## REQUIRED WORK
Only one stretch of the records below is wanted: the lines from the one holding "Les rendez-vous du" through the one holding "Rooftop solar energy". Return it exactly, both ends included.

## INPUT DATA
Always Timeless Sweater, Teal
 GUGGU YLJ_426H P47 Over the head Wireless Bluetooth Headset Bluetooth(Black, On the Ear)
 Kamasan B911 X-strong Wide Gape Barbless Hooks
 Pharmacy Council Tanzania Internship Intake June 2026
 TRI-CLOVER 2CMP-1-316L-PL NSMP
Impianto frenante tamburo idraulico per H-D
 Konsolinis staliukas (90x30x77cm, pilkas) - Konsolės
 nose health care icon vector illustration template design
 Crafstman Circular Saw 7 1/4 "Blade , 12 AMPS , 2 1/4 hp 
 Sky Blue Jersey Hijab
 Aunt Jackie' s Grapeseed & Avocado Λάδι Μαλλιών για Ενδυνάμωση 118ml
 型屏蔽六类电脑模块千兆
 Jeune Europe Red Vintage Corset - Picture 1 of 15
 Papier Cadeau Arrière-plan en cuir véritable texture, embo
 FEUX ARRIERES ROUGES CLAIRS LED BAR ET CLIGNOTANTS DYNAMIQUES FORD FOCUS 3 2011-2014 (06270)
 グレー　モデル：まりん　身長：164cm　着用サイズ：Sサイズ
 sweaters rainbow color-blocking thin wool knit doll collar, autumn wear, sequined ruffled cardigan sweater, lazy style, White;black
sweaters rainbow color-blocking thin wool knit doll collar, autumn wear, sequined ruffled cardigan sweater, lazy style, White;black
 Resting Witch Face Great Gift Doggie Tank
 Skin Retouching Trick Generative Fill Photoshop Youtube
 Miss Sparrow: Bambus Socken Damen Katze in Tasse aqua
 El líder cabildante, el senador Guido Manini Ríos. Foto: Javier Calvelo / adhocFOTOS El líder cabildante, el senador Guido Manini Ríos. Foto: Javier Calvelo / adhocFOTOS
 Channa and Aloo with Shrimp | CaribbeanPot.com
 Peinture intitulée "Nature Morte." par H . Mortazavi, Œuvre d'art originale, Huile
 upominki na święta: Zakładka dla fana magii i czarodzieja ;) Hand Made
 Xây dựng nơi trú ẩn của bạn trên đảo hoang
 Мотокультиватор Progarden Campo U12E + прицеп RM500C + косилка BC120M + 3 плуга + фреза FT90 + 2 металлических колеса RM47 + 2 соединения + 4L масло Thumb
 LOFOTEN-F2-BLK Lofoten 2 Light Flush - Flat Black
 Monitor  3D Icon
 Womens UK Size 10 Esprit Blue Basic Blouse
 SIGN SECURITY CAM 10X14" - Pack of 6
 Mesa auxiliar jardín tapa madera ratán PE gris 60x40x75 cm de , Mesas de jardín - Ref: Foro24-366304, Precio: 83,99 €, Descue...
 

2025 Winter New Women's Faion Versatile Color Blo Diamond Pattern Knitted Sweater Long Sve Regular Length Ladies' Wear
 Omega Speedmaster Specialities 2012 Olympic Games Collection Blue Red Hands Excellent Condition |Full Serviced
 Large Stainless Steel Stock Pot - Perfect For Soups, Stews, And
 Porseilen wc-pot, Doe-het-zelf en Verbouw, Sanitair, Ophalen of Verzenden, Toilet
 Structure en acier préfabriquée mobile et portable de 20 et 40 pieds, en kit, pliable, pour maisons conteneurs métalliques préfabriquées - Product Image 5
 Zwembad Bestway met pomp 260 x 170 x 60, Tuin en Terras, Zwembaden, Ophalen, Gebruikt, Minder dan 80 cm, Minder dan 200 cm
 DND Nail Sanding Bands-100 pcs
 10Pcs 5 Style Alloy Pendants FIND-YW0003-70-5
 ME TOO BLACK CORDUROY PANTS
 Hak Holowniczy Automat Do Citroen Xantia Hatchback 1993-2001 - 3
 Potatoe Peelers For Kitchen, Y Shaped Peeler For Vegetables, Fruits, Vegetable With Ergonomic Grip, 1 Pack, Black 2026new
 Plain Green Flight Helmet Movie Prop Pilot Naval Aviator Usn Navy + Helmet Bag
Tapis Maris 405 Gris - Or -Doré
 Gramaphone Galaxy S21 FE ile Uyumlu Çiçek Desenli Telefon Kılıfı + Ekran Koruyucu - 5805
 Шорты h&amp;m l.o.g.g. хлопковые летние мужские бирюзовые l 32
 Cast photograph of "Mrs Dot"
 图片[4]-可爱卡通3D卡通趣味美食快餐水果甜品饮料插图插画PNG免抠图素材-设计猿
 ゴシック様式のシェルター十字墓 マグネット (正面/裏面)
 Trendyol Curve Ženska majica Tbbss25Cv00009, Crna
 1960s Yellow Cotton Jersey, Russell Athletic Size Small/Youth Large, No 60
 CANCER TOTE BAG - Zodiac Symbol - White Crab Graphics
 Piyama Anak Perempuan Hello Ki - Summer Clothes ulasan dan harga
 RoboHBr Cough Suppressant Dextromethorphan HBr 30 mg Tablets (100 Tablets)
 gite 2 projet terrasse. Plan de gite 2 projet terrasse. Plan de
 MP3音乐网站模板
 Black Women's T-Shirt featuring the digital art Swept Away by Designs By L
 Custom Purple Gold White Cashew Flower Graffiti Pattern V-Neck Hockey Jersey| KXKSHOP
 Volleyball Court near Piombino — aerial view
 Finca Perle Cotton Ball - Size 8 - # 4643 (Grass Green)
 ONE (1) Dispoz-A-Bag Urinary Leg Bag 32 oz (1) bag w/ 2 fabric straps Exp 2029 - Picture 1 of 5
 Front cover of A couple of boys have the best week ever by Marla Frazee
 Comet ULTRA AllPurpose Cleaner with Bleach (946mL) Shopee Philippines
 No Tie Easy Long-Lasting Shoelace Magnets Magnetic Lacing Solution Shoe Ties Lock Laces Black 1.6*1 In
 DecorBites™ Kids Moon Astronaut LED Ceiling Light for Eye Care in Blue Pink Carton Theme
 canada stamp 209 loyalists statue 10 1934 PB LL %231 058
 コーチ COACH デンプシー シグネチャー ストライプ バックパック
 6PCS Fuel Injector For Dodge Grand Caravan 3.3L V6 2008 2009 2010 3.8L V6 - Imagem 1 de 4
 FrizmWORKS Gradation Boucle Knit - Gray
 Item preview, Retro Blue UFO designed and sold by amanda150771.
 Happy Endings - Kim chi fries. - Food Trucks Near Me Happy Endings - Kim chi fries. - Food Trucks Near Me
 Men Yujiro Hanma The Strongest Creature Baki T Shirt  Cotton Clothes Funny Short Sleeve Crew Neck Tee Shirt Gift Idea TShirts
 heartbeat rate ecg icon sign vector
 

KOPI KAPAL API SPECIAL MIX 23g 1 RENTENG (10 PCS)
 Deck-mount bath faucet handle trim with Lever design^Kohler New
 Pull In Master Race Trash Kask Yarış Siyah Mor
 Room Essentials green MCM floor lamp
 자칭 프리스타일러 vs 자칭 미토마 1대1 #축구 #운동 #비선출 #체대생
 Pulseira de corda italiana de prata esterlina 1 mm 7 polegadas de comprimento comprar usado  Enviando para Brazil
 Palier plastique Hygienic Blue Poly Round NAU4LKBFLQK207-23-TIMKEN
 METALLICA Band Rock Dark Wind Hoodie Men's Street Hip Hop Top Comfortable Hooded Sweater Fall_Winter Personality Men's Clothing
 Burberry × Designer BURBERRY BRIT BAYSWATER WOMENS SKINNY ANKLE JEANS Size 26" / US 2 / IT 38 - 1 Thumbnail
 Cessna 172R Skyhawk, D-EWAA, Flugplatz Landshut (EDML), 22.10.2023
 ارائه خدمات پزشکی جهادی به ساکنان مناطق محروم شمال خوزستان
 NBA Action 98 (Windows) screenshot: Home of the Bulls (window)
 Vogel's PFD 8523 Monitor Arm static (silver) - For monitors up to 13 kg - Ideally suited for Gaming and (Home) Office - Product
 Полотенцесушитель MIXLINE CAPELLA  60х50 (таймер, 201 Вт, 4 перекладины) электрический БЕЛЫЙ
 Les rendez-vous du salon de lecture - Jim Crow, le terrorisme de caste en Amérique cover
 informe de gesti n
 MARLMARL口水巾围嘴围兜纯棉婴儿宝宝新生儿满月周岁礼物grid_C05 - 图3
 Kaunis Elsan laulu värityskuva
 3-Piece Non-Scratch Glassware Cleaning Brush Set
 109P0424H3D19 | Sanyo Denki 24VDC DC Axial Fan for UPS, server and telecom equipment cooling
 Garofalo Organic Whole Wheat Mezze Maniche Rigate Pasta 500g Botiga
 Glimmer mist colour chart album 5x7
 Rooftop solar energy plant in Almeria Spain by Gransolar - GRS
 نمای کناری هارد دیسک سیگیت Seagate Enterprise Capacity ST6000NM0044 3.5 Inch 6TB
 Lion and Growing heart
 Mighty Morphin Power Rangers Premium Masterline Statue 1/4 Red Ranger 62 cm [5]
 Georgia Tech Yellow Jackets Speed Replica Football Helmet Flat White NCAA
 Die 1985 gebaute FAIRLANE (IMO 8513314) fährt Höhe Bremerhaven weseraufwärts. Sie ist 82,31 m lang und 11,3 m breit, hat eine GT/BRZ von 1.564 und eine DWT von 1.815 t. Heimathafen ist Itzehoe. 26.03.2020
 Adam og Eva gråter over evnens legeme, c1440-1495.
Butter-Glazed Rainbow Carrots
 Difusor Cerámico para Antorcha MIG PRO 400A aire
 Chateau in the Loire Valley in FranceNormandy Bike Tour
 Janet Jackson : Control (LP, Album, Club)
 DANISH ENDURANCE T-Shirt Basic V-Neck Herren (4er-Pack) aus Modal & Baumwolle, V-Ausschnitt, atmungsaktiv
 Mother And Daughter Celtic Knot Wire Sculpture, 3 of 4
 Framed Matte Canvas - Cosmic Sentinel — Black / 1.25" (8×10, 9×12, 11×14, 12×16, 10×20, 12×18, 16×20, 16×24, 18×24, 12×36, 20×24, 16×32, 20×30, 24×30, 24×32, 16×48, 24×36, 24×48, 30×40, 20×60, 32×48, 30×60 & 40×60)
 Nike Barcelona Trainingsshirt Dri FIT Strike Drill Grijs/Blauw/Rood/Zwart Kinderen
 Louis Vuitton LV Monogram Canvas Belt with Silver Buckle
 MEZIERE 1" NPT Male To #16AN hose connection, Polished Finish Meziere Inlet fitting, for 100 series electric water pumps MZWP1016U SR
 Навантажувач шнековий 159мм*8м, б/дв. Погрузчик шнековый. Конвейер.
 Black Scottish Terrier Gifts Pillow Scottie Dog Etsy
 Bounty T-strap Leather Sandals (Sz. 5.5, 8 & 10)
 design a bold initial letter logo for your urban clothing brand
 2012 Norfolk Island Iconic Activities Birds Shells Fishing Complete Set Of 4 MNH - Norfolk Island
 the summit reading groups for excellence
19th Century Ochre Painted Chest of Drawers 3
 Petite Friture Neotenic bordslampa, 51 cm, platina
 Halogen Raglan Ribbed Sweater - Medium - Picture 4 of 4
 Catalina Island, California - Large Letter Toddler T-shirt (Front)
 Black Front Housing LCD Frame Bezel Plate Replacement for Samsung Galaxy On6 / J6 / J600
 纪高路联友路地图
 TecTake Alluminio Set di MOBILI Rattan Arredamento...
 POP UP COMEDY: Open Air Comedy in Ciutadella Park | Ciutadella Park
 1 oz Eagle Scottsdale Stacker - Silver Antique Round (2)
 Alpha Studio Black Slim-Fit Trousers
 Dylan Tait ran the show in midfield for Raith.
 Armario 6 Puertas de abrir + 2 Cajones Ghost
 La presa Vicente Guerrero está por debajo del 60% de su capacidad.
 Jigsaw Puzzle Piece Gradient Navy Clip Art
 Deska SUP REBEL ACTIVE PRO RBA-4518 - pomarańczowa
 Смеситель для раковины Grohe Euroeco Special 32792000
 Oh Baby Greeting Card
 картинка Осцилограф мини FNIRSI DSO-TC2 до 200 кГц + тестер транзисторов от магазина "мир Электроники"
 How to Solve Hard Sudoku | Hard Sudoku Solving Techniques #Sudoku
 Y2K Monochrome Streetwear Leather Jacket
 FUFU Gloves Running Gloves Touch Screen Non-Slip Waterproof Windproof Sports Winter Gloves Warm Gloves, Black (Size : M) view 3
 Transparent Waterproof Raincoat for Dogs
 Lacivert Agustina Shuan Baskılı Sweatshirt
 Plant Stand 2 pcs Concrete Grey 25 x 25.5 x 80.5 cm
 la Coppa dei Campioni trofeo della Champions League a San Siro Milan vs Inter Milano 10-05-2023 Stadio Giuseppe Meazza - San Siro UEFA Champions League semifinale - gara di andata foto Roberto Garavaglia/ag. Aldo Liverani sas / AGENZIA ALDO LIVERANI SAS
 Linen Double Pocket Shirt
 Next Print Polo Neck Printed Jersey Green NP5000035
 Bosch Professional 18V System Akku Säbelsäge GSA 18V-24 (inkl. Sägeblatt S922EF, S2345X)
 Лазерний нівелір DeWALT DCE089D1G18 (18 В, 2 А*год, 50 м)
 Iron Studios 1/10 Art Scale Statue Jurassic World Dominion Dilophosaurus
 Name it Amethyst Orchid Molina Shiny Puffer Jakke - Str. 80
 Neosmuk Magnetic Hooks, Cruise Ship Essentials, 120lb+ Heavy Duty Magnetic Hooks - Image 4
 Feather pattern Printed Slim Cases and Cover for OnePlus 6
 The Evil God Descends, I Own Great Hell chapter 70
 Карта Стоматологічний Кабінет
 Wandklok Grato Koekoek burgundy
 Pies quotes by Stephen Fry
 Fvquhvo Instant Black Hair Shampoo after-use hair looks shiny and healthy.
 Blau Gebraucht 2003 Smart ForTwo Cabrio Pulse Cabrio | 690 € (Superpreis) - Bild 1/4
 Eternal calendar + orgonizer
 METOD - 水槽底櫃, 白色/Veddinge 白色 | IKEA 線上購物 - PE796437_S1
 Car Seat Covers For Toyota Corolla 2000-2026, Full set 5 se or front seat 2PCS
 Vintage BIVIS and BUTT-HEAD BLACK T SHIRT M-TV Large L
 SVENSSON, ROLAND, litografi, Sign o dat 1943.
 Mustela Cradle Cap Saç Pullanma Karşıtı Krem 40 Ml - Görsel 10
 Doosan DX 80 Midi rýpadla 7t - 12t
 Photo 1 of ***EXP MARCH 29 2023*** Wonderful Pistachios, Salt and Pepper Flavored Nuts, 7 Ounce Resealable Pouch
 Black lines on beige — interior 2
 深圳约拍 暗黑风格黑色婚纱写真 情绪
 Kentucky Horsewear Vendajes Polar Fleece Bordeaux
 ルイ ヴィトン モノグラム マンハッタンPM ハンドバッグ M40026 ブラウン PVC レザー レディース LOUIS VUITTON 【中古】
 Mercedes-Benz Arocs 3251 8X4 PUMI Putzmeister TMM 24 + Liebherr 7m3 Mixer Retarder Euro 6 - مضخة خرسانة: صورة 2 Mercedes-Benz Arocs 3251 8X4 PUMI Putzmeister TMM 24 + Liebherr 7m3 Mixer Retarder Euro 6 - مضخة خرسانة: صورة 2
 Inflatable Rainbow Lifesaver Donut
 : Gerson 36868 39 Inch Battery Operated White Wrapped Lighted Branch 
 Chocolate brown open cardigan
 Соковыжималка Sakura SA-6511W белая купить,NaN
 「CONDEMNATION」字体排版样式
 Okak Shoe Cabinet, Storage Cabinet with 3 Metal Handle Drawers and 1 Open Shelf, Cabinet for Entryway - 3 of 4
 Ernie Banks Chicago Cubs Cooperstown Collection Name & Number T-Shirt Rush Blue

## ANSWER TO THIS TASK
 Les rendez-vous du salon de lecture - Jim Crow, le terrorisme de caste en Amérique cover
 informe de gesti n
 MARLMARL口水巾围嘴围兜纯棉婴儿宝宝新生儿满月周岁礼物grid_C05 - 图3
 Kaunis Elsan laulu värityskuva
 3-Piece Non-Scratch Glassware Cleaning Brush Set
 109P0424H3D19 | Sanyo Denki 24VDC DC Axial Fan for UPS, server and telecom equipment cooling
 Garofalo Organic Whole Wheat Mezze Maniche Rigate Pasta 500g Botiga
 Glimmer mist colour chart album 5x7
 Rooftop solar energy plant in Almeria Spain by Gransolar - GRS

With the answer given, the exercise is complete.